We see over 3,000 adverts every day. Some argue if we were to include online activity that it’s more like 10,000. We are bombarded with information and spend time switching off. Switching off our emails, switching off the TV. Just switching off. Where £235,000 is spent on a 30 second commercial during the X Factor finals we can’t remember it an hour later. Have you noticed that we don’t like companies that talk at us and we dislike the invasion of privacy? Which leads us to the question, which would we rather: to be given a database of 10,000 companies and a 30 second radio commercial for an audience of 10,000 people or 100 companies who choose to sign up to our blog via our RSS feed, with 25 of these requesting information to be sent through to them about our services? I know which I’d prefer.
We need to be delivering products or services that are exceptional, causing people to recognise the value that we are to them, and giving them the desire to stay in touch. We need people to give us permission to market to them, because they can see our business solving a problem of theirs. So what are the motivations that help people give us permission to be ‘marketed’ to?
People like to be provided with good information that they might not be able to find easily elsewhere.
People like to be helped to become an expert in their field.
They like to be provided with discounts or opportunities to save money.
They want to save time by having us solve their problems.
People like to be entertained and in all areas many people like to be early adopters.
Permission marketing happens all around us though we may not even be aware of it.

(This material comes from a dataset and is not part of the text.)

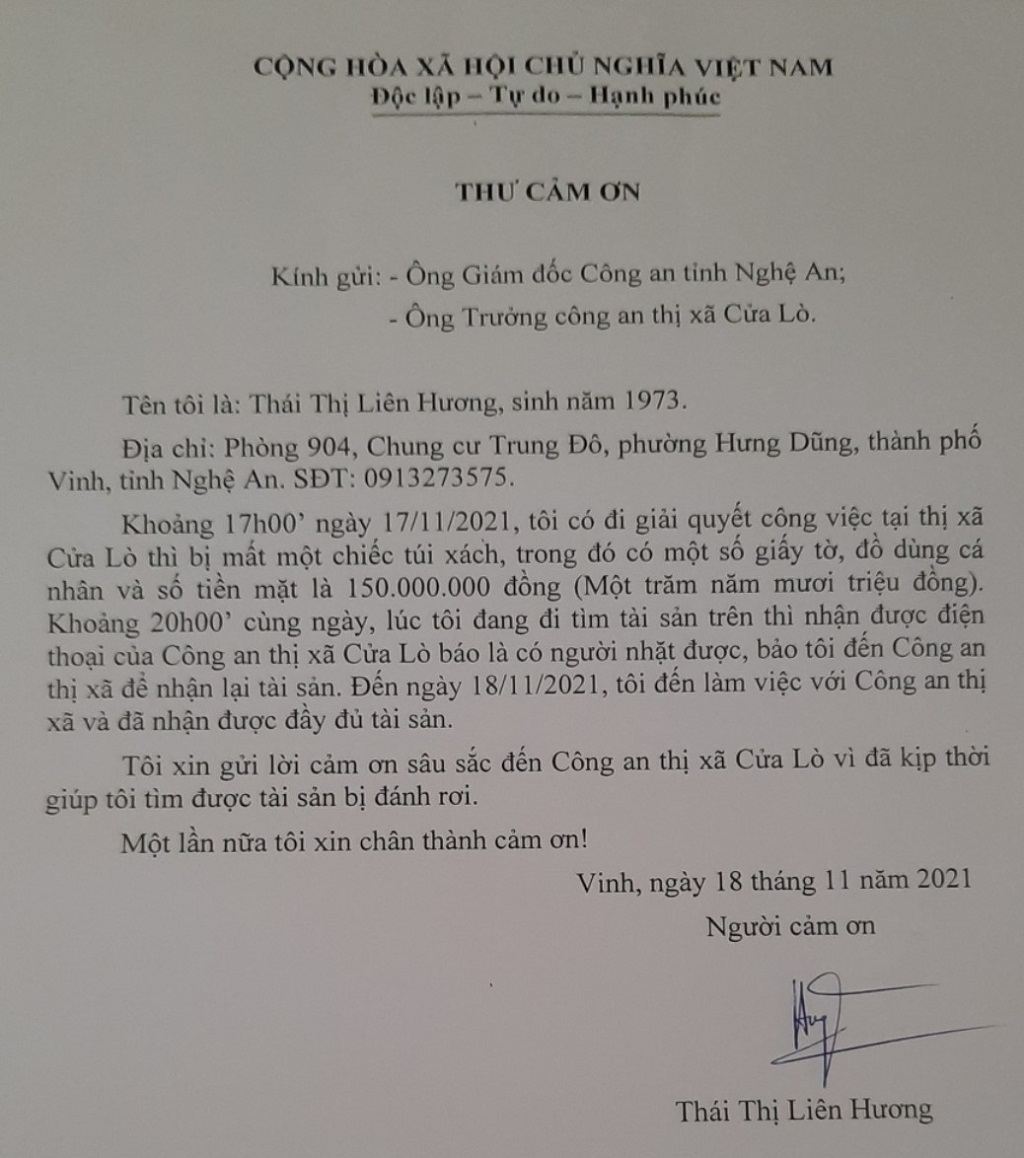 Thư cảm ơn của chị Hương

The last time you responded to Amazon telling you that you might be interested in a similar product to the one you’re looking to buy; when you followed the restaurant on Twitter that’s based around your corner; when you subscribed through an RSS reader account to the business blog, when you got the email through for a restaurant with a 50% off deal; when you registered for a Groupon account to get notified of a discounted pampering session or even simply when you responded with a “yes” to your garage’s question asking you if you wanted them to tell you when your next service was due.
How would permission marketing work within your business? For a little more inspiration check out the book Seth Godin wrote back in 2007 with the same title: ‘Permission Marketing.’
Henry Ford, the founder of Ford said, “If there is any one secret of success it lies in the ability to get the other person’s point of view and see things from that person’s angle as well as your own”.
How do you do that from positioning your organisation? Do you understand the points of view of your potential customers? Are you answering their questions? Are you meeting their needs? Are you giving them a reason to give you permission to market to them?